The controversy over the supply and demand of doctors is not dying down. The government concluded that as of 2040 at least 5,015 doctors will be lacking, but the medical community offered the opposite analysis that more than 10,000 doctors could be oversupplied at the same point in time.
The key is which formula is used to envision the future.
At a joint-planning seminar titled "Problems and alternatives in the government's physician workforce projections" held at the Korean Medical Association Organization hall in Yongsan-gu, Seoul, on the 13th, the Korean Medical Association Organization's Research Institute for Healthcare Policy said, "Before increasing medical school enrollment, we need to rebuild the projection structure," and presented an alternative workforce projection model.
◇ Instead of "number of licenses," "amount of labor"… Reassessing the number of doctors with FTE
The core proposed by the association's research institute is projections based on FTE (full-time equivalent), which reflects doctors' actual workload. The idea is to look at doctors not by "how many" but by "how much they work."
The association set the average annual working hours per doctor at 2,302.6 hours. It recalculated the number of active doctors by converting 2,080 hours per year, based on 40 hours per week, into 1 FTE. As a result, the number of active doctors on an FTE basis was estimated at 154,601 in 2035 and 164,959 in 2040.
Medical demand was aligned to the same standard. Considering that medical aid beneficiaries use more medical services than National Health Insurance subscribers, which could inflate overall demand, the focus was on National Health Insurance utilization. The workload weights for inpatient and outpatient care applied the same 3.9-to-1 ratio used by the Physician Workforce Projection Committee, and a composite scenario was set that reflects changes in the future medical environment and health care policy.
As a result, the number of doctors needed on an FTE basis came to 142,844 in 2035 and 150,275 in 2040. When the composite scenario is applied, the required numbers decrease further to 140,634 and 146,992, respectively.
In sum, the calculation shows that in 2035 there could be an oversupply of at least 11,757 to as many as 13,967 doctors, and in 2040 an oversupply of at least 14,684 to as many as 17,967.
◇ Same future, different math… Where did they diverge?
The association's alternative projections directly overturn the conclusions of the government and the projection committee. The medical community believes this gap stems from differences in the assumptions and methodology that run through the projections.
A representative example is the method of calculating inpatient and outpatient workload. The projection committee, citing limits in data availability, used the ratio of inpatient to outpatient medical expenses (3.9 to 1) as workload weights.
On this, Park Jeong-hun, a senior researcher at the association's research institute, noted, "If you calculate workload based on medical expenses, you run into the problem that the high costs of tests and equipment included in surgeries or procedures during hospitalization are counted as doctors' labor."
The ARIMA (autoregressive integrated moving average) model used for projecting medical demand also came under scrutiny. The model predicts future demand based on time-series trends in past utilization, but structurally assumes that medical utilization increases endlessly.

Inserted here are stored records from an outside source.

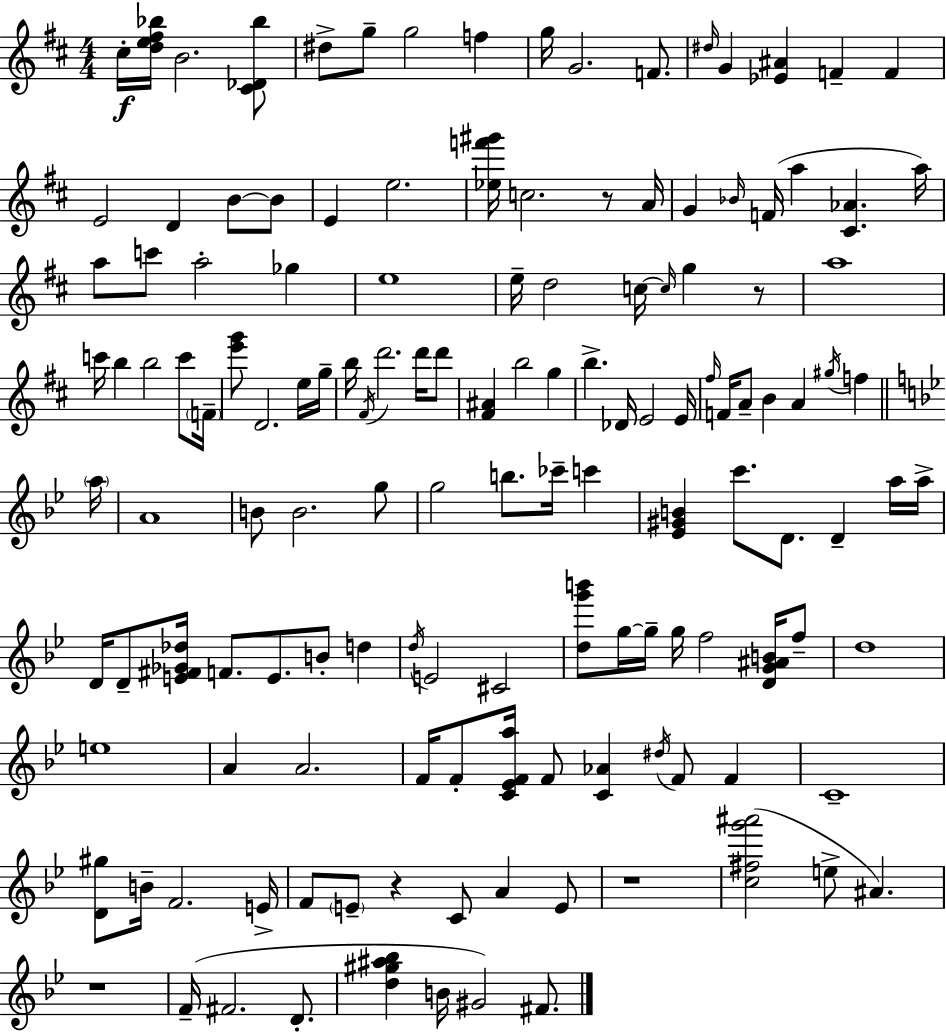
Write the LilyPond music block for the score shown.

{
  \clef treble
  \numericTimeSignature
  \time 4/4
  \key d \major
  \repeat volta 2 { cis''16-.\f <d'' e'' fis'' bes''>16 b'2. <cis' des' bes''>8 | dis''8-> g''8-- g''2 f''4 | g''16 g'2. f'8. | \grace { dis''16 } g'4 <ees' ais'>4 f'4-- f'4 | \break e'2 d'4 b'8~~ b'8 | e'4 e''2. | <ees'' f''' gis'''>16 c''2. r8 | a'16 g'4 \grace { bes'16 }( f'16 a''4 <cis' aes'>4. | \break a''16) a''8 c'''8 a''2-. ges''4 | e''1 | e''16-- d''2 c''16~~ \grace { c''16 } g''4 | r8 a''1 | \break c'''16 b''4 b''2 | c'''8 \parenthesize f'16-- <e''' g'''>8 d'2. | e''16 g''16-- b''16 \acciaccatura { fis'16 } d'''2. | d'''16 d'''8 <fis' ais'>4 b''2 | \break g''4 b''4.-> des'16 e'2 | e'16 \grace { fis''16 } f'16 a'8-- b'4 a'4 | \acciaccatura { gis''16 } f''4 \bar "||" \break \key g \minor \parenthesize a''16 a'1 | b'8 b'2. g''8 | g''2 b''8. ces'''16-- c'''4 | <ees' gis' b'>4 c'''8. d'8. d'4-- a''16 | \break a''16-> d'16 d'8-- <e' fis' ges' des''>16 f'8. e'8. b'8-. d''4 | \acciaccatura { d''16 } e'2 cis'2 | <d'' g''' b'''>8 g''16~~ g''16-- g''16 f''2 <d' g' ais' b'>16 | f''8-- d''1 | \break e''1 | a'4 a'2. | f'16 f'8-. <c' ees' f' a''>16 f'8 <c' aes'>4 \acciaccatura { dis''16 } f'8 f'4 | c'1-- | \break <d' gis''>8 b'16-- f'2. | e'16-> f'8 \parenthesize e'8-- r4 c'8 a'4 | e'8 r1 | <c'' fis'' g''' ais'''>2( e''8-> ais'4.) | \break r1 | f'16--( fis'2. | d'8.-. <d'' gis'' ais'' bes''>4 b'16 gis'2) | fis'8. } \bar "|."
}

Although adjustments were made by sex and age, criticism also arose that by using "total medical utilization" rather than "per-capita medical utilization," the projections failed to fully reflect the natural population decline that has already begun. In fact, the committee's data show that for men ages 60-64, inpatient days per person rise from five in 2024 to nine in 2050, and outpatient days rise from 16 to 34, more than doubling.
The period of data use was also cited as a problem. The longer long-term utilization data are applied as is, the steeper the increase becomes. In reality, the growth rate in inpatient days by type of institution averaged 11.8% from 2004 to 2010, but slowed sharply to 1.9% from 2010 to 2023.
Assumptions about "future changes in the medical environment" included in the committee's scenarios also became a focal point. The committee assumed that with AI adoption, physician productivity improves by 6% while working days decrease by 5%. Park said, "A reduction in working days is a matter of social consensus that the government cannot force," adding, "Applying it simultaneously in combination with a productivity-improvement scenario is conceptually unscientific."
◇ "Rather than rushing to conclusions, redo the math first"
The medical community argues that the pace toward the conclusion of expanding medical school enrollment should be moderated first.
Park said, "We should take sufficient time to build micro-level data sources and, based on them, project the physician workforce," adding, "We need to move away from relying on limited data and shift to a structure that reflects doctors' actual workload (FTE) and changes in productivity."
Considering that building FTE-related data takes time, a short-term alternative proposed was to use the procedure-specific physician workload included in the relative value scale.
They also argued that the projection methodology itself should be changed. Park explained, "Countries such as the United States and the Netherlands, which regularly project physician supply and demand, use micro-simulation models rather than ARIMA," adding, "Estimating demand and supply in FTE units while reflecting diverse variables is far more realistic."
Park said, "If you apply a single assumption without fully considering policy changes and shifts in the medical environment that could realistically occur, other distortions are bound to recur," adding, "The debate over the number of doctors is not ultimately about the numbers, but about how you design the structure of the calculation."